The White House, in its May 12 cybersecurity legislative proposal (see (see White House Unveils Cybersecurity Legislative Agenda)), avoided any mention of creating a job series, but noted:
"The recruitment and retention of highly-qualified cybersecurity professionals is extremely competitive, so we need to be sure that the government can recruit and retain these talented individuals. Our legislative proposal will give DHS more flexibility in hiring these individuals. It will also permit the government and private industry to temporarily exchange experts, so that both can learn from each others' expertise."
These are good points, but it is noteworthy that the White House's proposed hiring authorities and related provisions only apply to DHS, and not to the other agencies.

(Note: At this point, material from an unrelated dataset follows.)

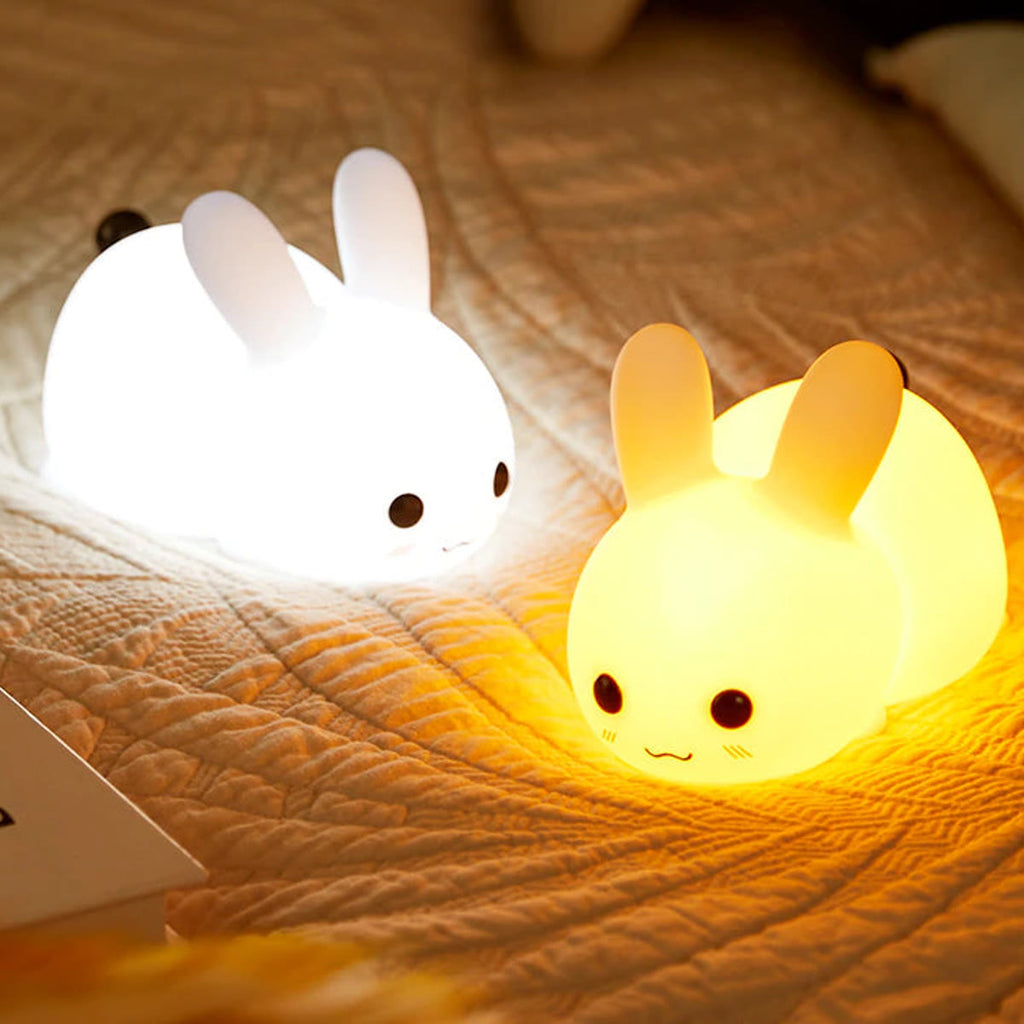 Nattlampe for barn – kanin i silikon med touch – bilde 2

The word is that OPM balked, and the White House therefore limited its proposed authorities and provisions to DHS, creating the hopefully unintended consequence of a disastrous talent drain from other agencies to DHS.
How this plays out for the CISO will be interesting to watch. The creation of an actual job series for the cybersecurity professional is an essential tool in the CISO's toolbox, allowing the CISO to recruit, hire, train, develop, promote, advance, retain and adequately compensate professionals with the necessary knowledge, skills and abilities to defend our federal critical information infrastructure. Every federal CISO will welcome this development, and if a talent drain to DHS's more incentivized environment can be prevented, then every federal agency will see an increase in the overall quality of its efforts to improve the security of their respective enterprises.

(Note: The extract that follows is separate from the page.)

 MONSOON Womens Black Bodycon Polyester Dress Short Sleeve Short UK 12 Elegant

Congress deserves a booming round of applause for its efforts to recognize, classify and professionalize the federal cybersecurity workforce. If a bill can be passed in the near term that enacts the workforce provisions contained in S.413, then the next decade will see far greater professionalization than the last decade with respect to the cybersecurity career field.
The White House deserves a small "golf clap" for at least empowering DHS, but missed an opportunity to extend the provisions across the executive branch. OPM gets a solid thumbs-down for having ignored this important requirement over the past decade, and for forcing Congress to legislate them into action. When the legislation passes, let's hope that OPM can overcome its inexplicable reluctance and produce the right outcome.